◆ EXERCISE OBJECTIVE
The answer must repeat every record exactly, with no pictures in it.

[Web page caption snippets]
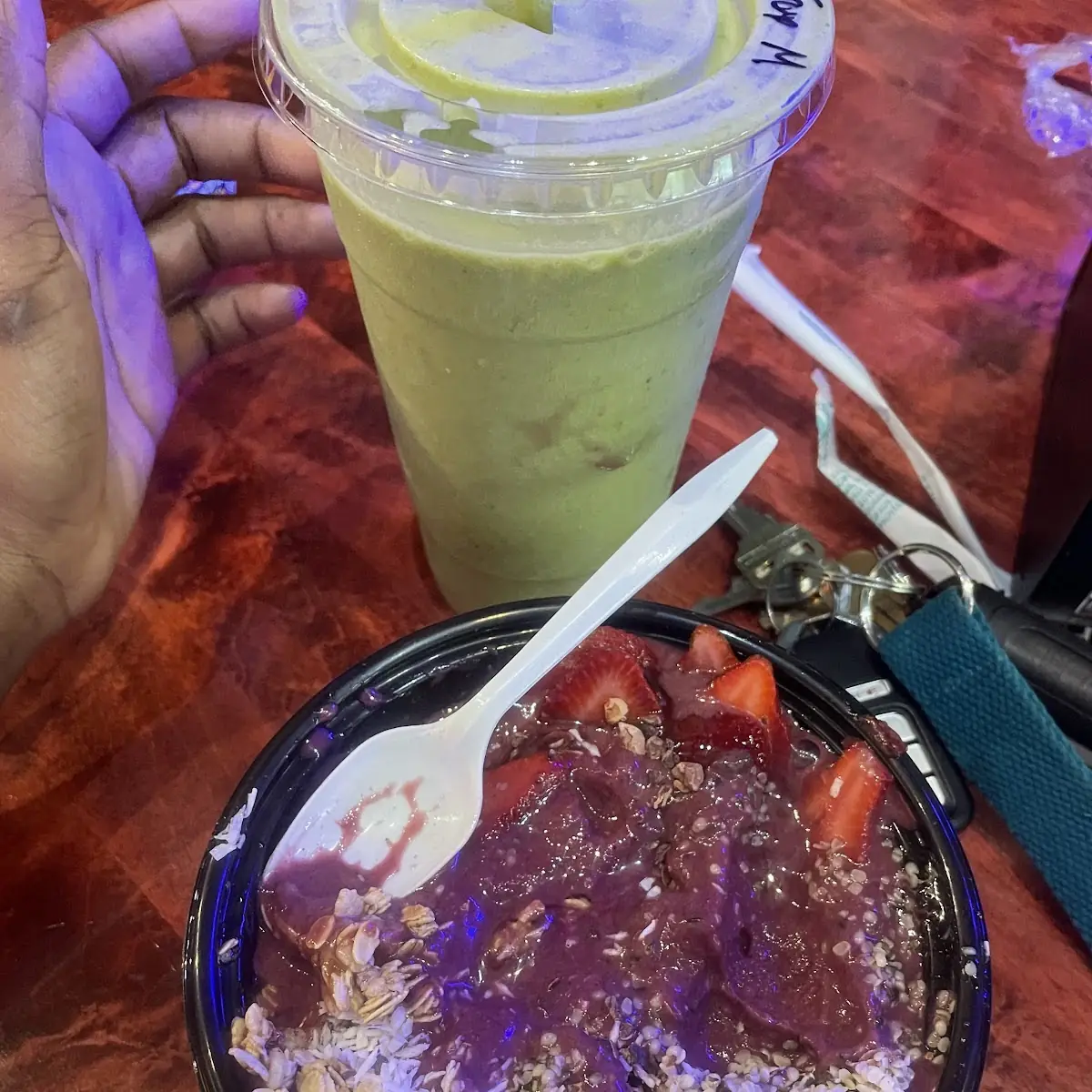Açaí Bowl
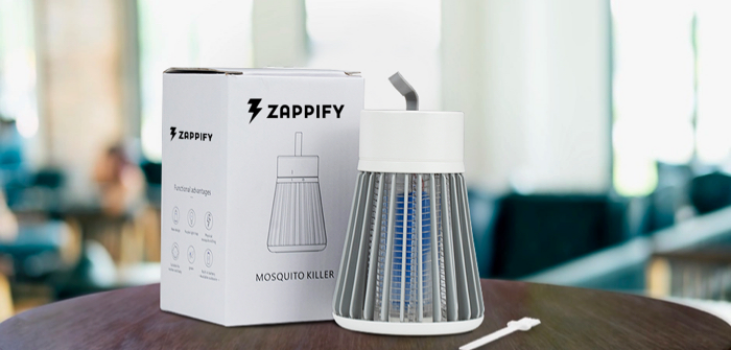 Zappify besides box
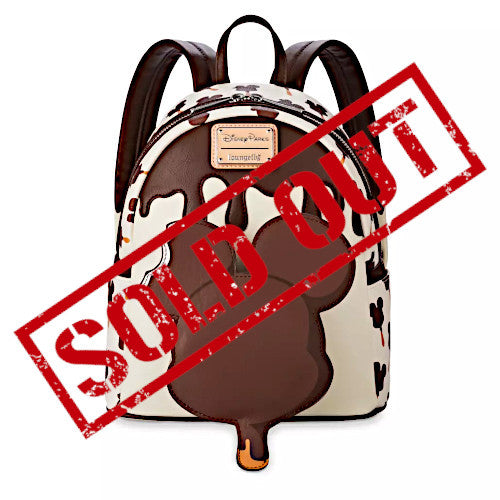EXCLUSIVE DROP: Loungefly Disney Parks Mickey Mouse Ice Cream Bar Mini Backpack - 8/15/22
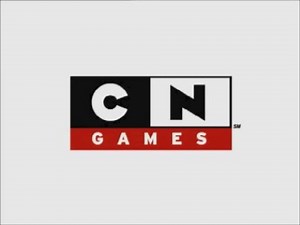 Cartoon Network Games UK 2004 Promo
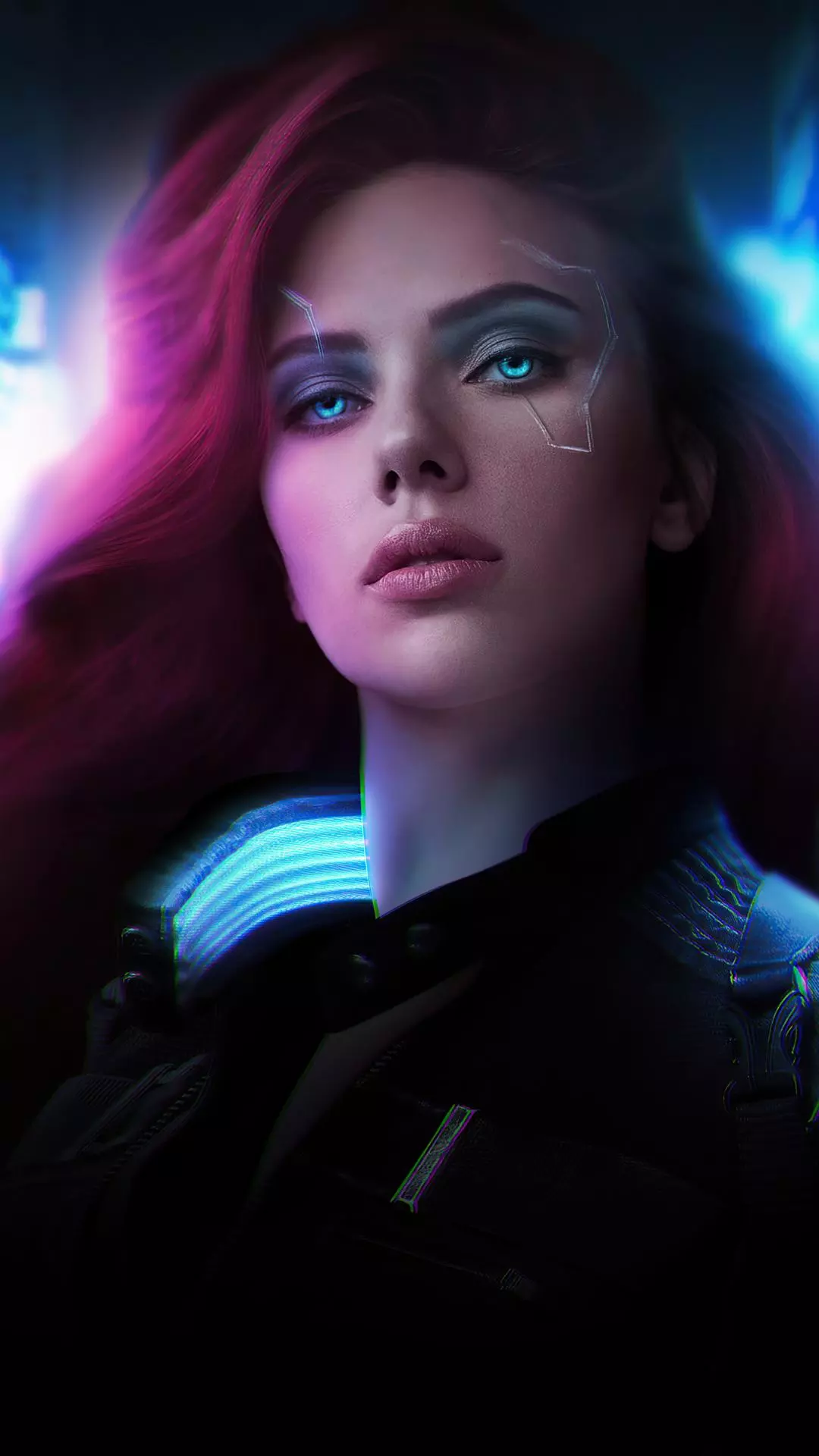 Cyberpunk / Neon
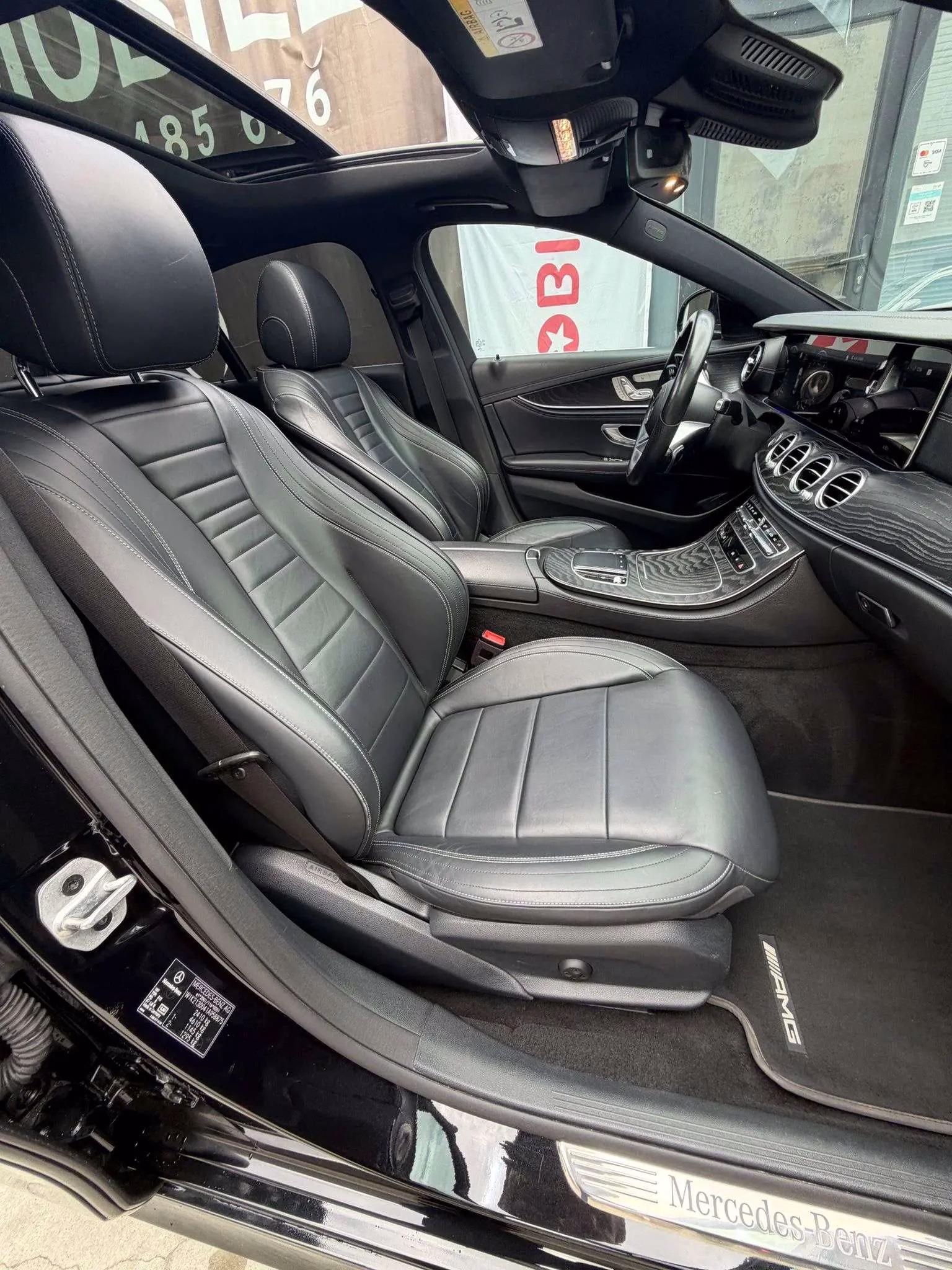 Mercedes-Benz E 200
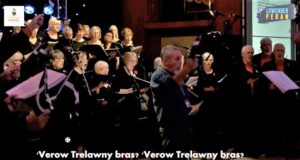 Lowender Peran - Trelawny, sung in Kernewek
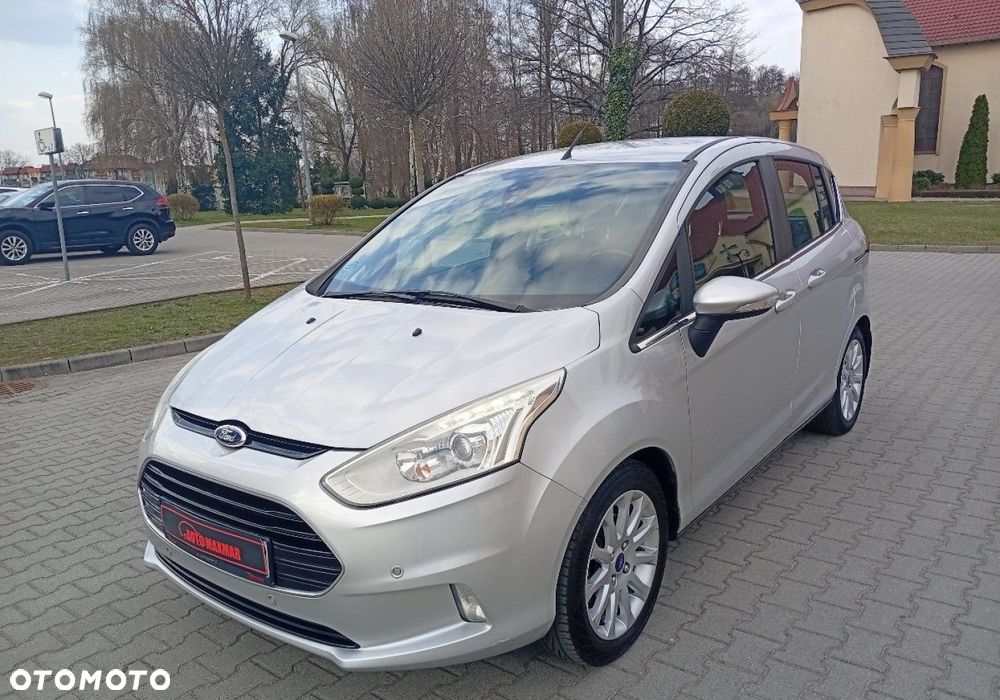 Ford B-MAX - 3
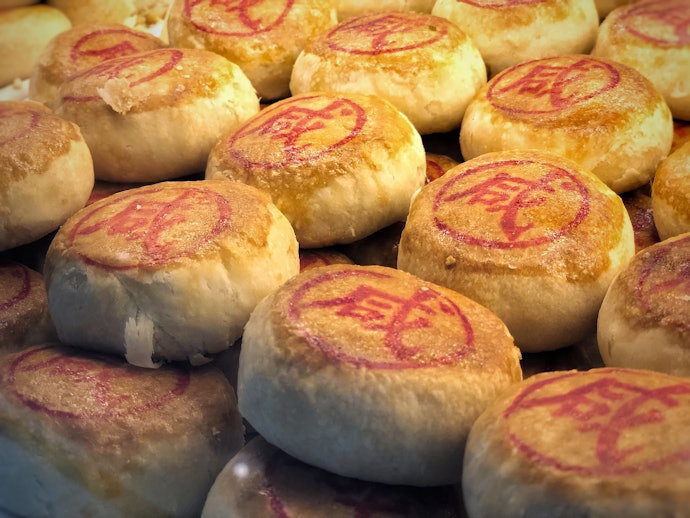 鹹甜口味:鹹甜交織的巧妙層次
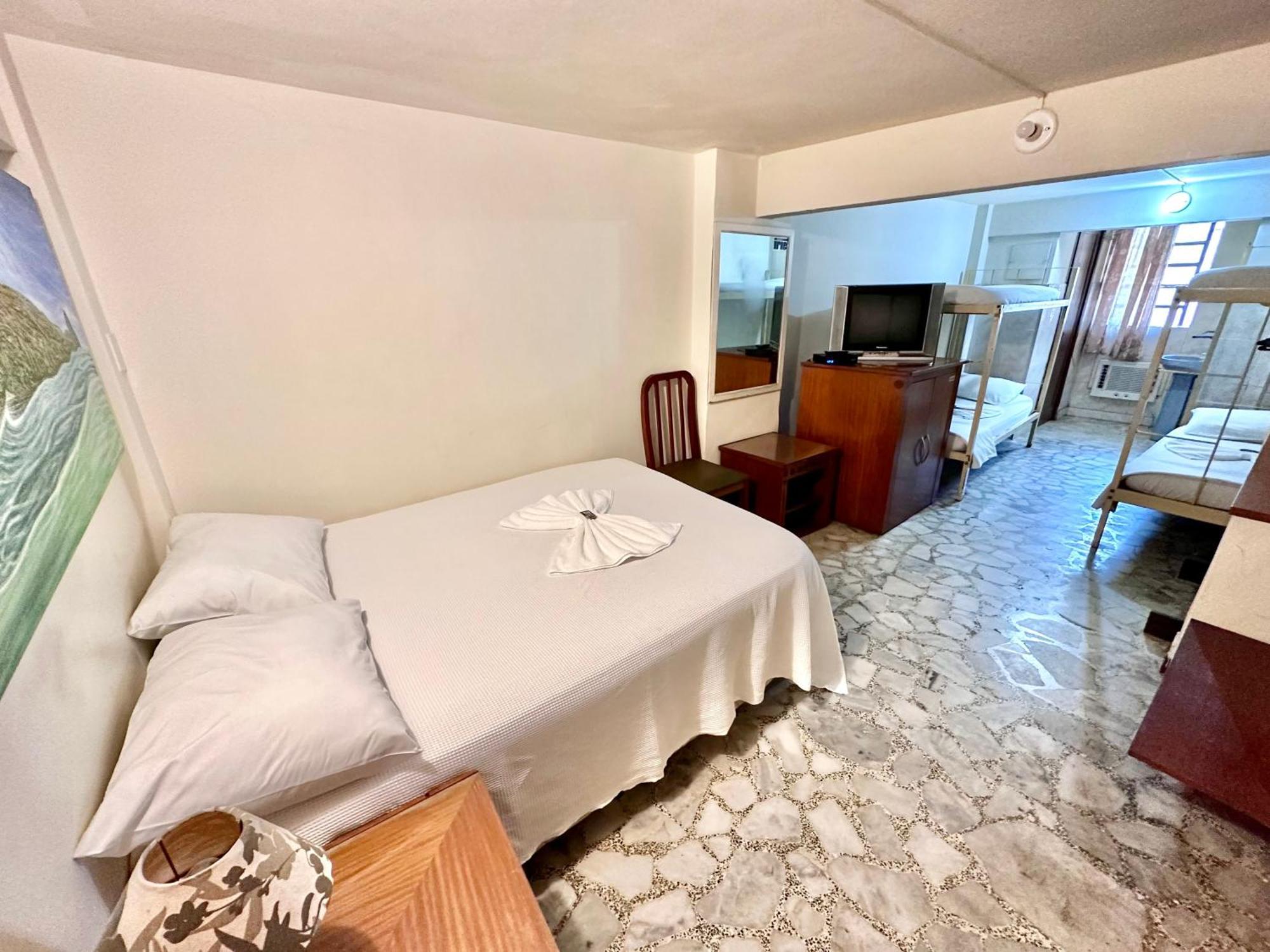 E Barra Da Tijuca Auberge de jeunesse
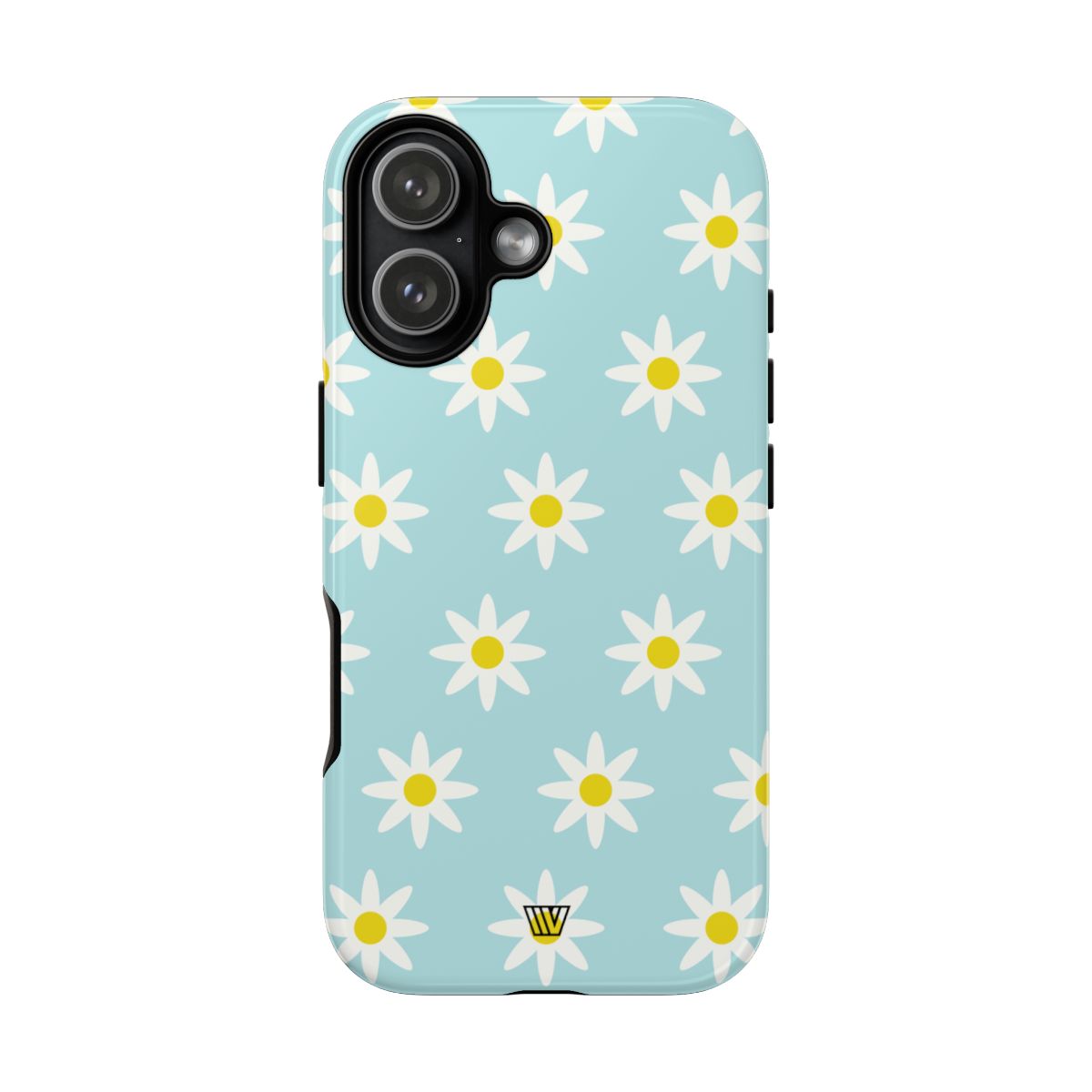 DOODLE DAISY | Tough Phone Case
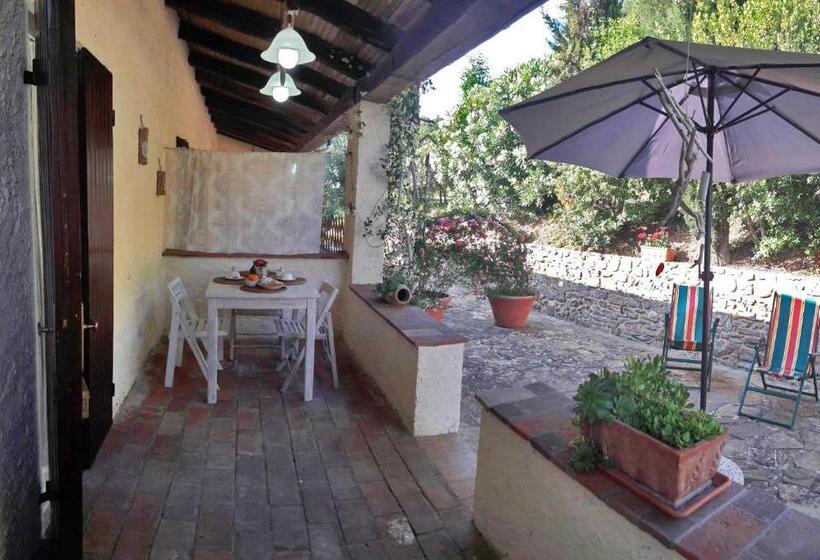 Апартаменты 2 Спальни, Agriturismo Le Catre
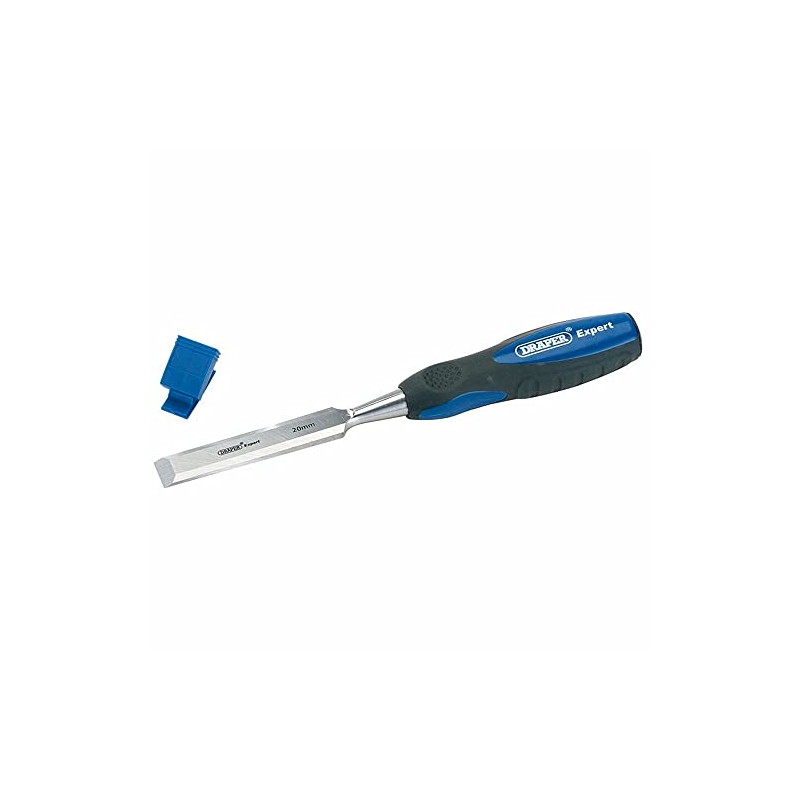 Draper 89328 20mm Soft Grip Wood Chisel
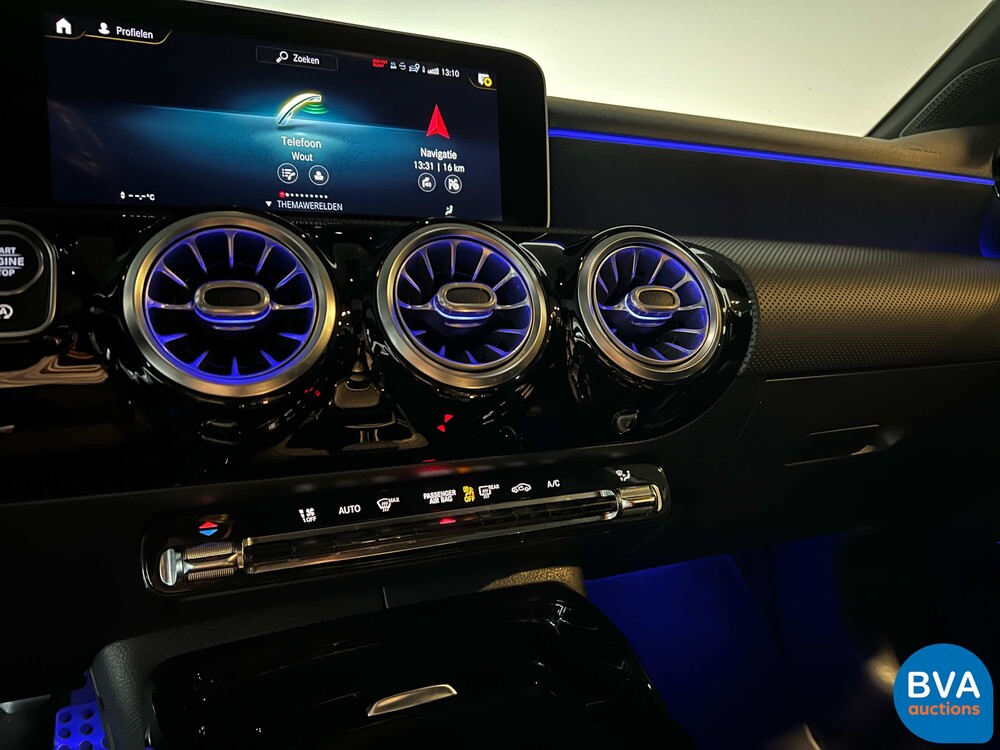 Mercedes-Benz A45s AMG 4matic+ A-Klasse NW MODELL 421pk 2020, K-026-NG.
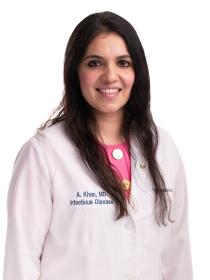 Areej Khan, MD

◆ WRITTEN RESPONSE
Açaí Bowl
 Zappify besides box
EXCLUSIVE DROP: Loungefly Disney Parks Mickey Mouse Ice Cream Bar Mini Backpack - 8/15/22
 Cartoon Network Games UK 2004 Promo
 Cyberpunk / Neon
 Mercedes-Benz E 200
 Lowender Peran - Trelawny, sung in Kernewek
 Ford B-MAX - 3
 鹹甜口味:鹹甜交織的巧妙層次
 E Barra Da Tijuca Auberge de jeunesse
 DOODLE DAISY | Tough Phone Case
 Апартаменты 2 Спальни, Agriturismo Le Catre
 Draper 89328 20mm Soft Grip Wood Chisel
 Mercedes-Benz A45s AMG 4matic+ A-Klasse NW MODELL 421pk 2020, K-026-NG.
 Areej Khan, MD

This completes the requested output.